Residents of Cambridge Bay would like to protect these remains of a historic three-masted schooner, the Baymaud, which sank outside the community in 1930. -
photo courtesy of Vicki Aitaok |
"It's something like a piece of history, and it's also something here that can link us to the past," said Steve Anavilok, who has lived in the hamlet since 1951. "I remember my mom and dad telling me about the three-masted schooner bringing in supplies for the Hudson's Bay Company, supplying their trading camps."
Over the years, much of the boat has been scavenged for building material.

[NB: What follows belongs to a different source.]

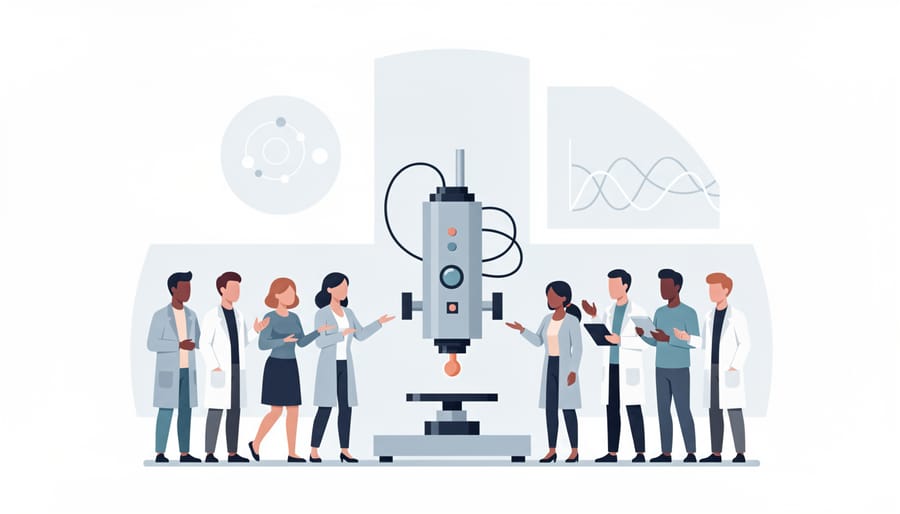 Physics laboratory instrument with blurred silhouettes of diverse students working in the background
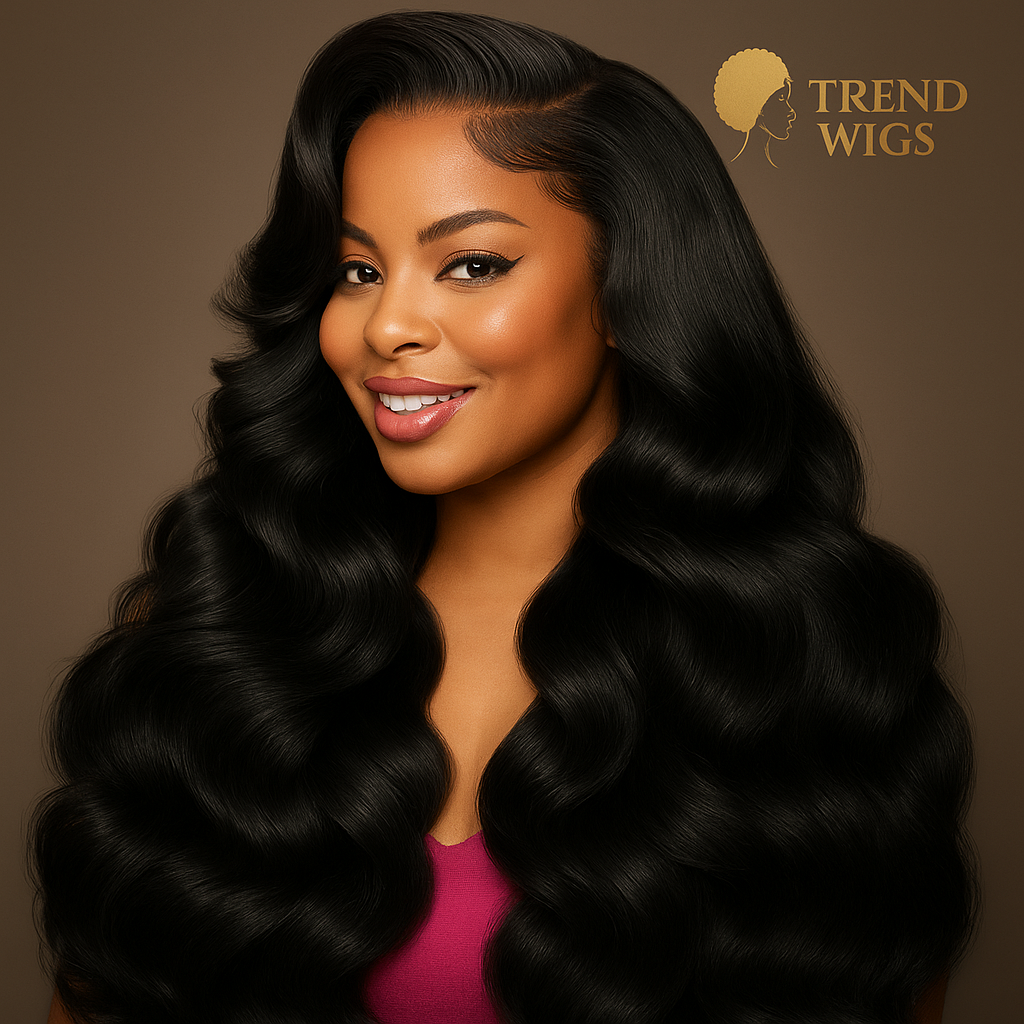 Body Wave Pre-Plucked Wig Raw Hair | Perruque noire ondulée cheveux naturels Trend Wigs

"The first time I saw that ship was in 1951. Most of the structure was still up, but the masts were gone. It was almost intact, the ship part," said Anavilok, who has a tent on the shore by the boat. "Throughout the years people had been taking one piece of wood here, one piece of wood there, and now it's almost sinking."
Now the hamlet hopes to enhance protection of the ship through national heritage designation, according to Vicki Aitaok, a hamlet councillor who also works at the local visitor's centre.
Everything is currently "in limbo" until the next sitting of hamlet council, but they would like to see the ship remain in place, she said.
"The Maud is a historic ship which had a purpose in Cambridge Bay. It served the residents and it served Hudson's Bay Company," Aitaok said. "And, from a tourism standpoint, it's an international symbol that places us in history that other people can relate to."
But while residents value its presence, the hamlet does not own the vessel. In 1990, a town in Norway bought the ship from HBC. Although its new owners intended to raise and return her to the country where she was built, the plan never went through, and their last cultural properties export permit expired in 1995.
More recently the hamlet was approached by Norwegian company Aker Kvaerner, which hoped to dive the Maud and retrieve a winch, which it manufactures.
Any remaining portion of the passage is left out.